We have had numerous visits to the ENT doctors since Ally was born. From day 1 she has had sleep apnea and struggled to sleep. When she did fall asleep, there was always the chance that she’ll stop breathing and turn blue. Luckily she outgrew those episodes but we’ve been plagued with various other ENT related problems through the years.
Her sleep apnea has never fully resolved itself and in recent months I’ve become increasingly concerned. Here is some basic information about the effects of sleep apnea in children
- behavioural and mental effects
- diminished growth
- cardiovascular effects
- bed wetting
- hyperactivity during the day
At our last ENT visit, we were told that Ally is a “mouth-breather” which basically means, she breathes through her mouth instead of her nose. It may sound trivial but it isn’t. When we breathe through our nose, dust and foreign particles are trapped in the tiny hairs that line our nasal passage. When we breathe through our mouth, we are inhaling all those particles into our lungs. In growing children, mouth breathing affects their facial development and if left untreated, results in what is known as “long-faced syndrome”. There is a very comprehensive article detailing mouth breathing in children here. The first thing we need to do is to determine the cause of her mouth breathing. We know she has allergies, we just don’t know what exactly she is allergic to. Her nasal passages are extremely inflamed which makes it hard for her to breathe through her nose.

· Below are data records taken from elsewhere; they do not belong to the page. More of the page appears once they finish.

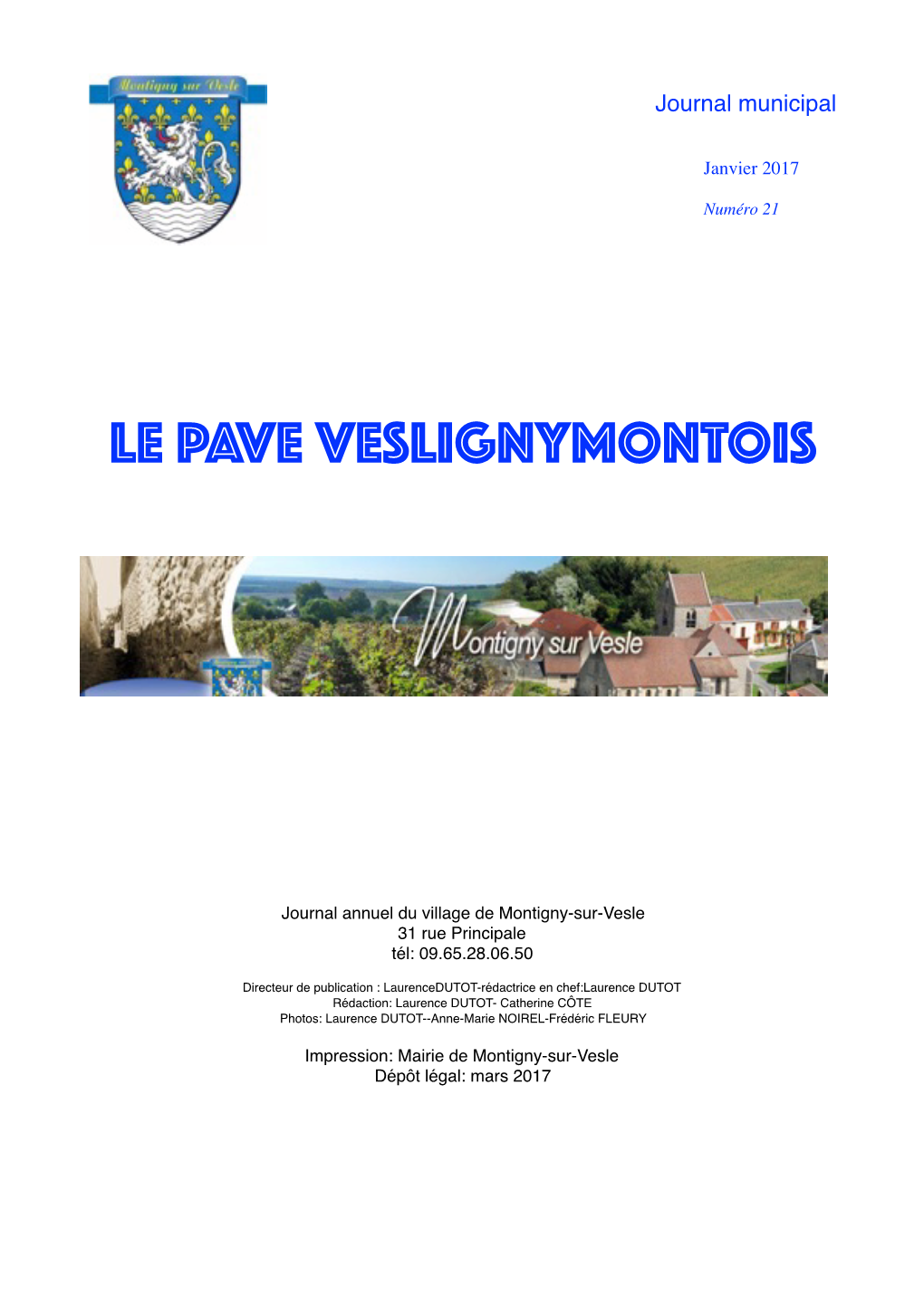 Le Pave Veslignymontois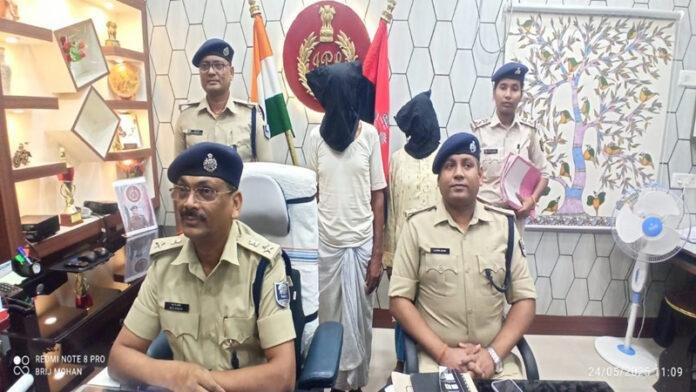 जमुई पुलिस को बड़ी सफलता, 2 फरार नक्सली गिरफ्तार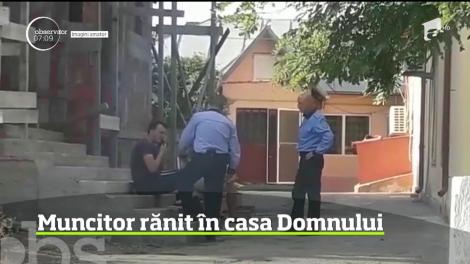 Grav accident de muncă într-o biserică din Constanţa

To cut a long story short, she is scheduled for surgery on Monday morning. Her doctor is going to use a non invasive technique to reduce the swelling of her sinus turbinates. We pray and hope that this is going to be the solution to her sleep problems. Due to her age, the procedure is going to be done under general anesthesia which carries its own risk in itself. Since she’ll be under GA, we’re going to insert a new set of ear tubes for her. I’m very excited about this prospect since it would mean she’ll be able to hear clearly! Her doctor will be taking her blood to try to find out what she’s allergic to. The lab results should come back in a few weeks since it’s going to be sent to a lab in Australia.
This time round we have chosen to go to a private ENT doctor. The children’s hospital has provided her excellent medical care since birth and we have no complains about it. Sadly, their ENT department is severely understaffed and getting an appointment will take months. The biggest advantage in going the private route besides the short waiting time is that the procedure doesn’t need to take place in a hospital setting. This will hopefully be less traumatic for Ally even though she is used to hospitals by now.
Monday is going to be a big day for our family, I pray and hope that by putting her through this surgery, it will give her a more restful sleep.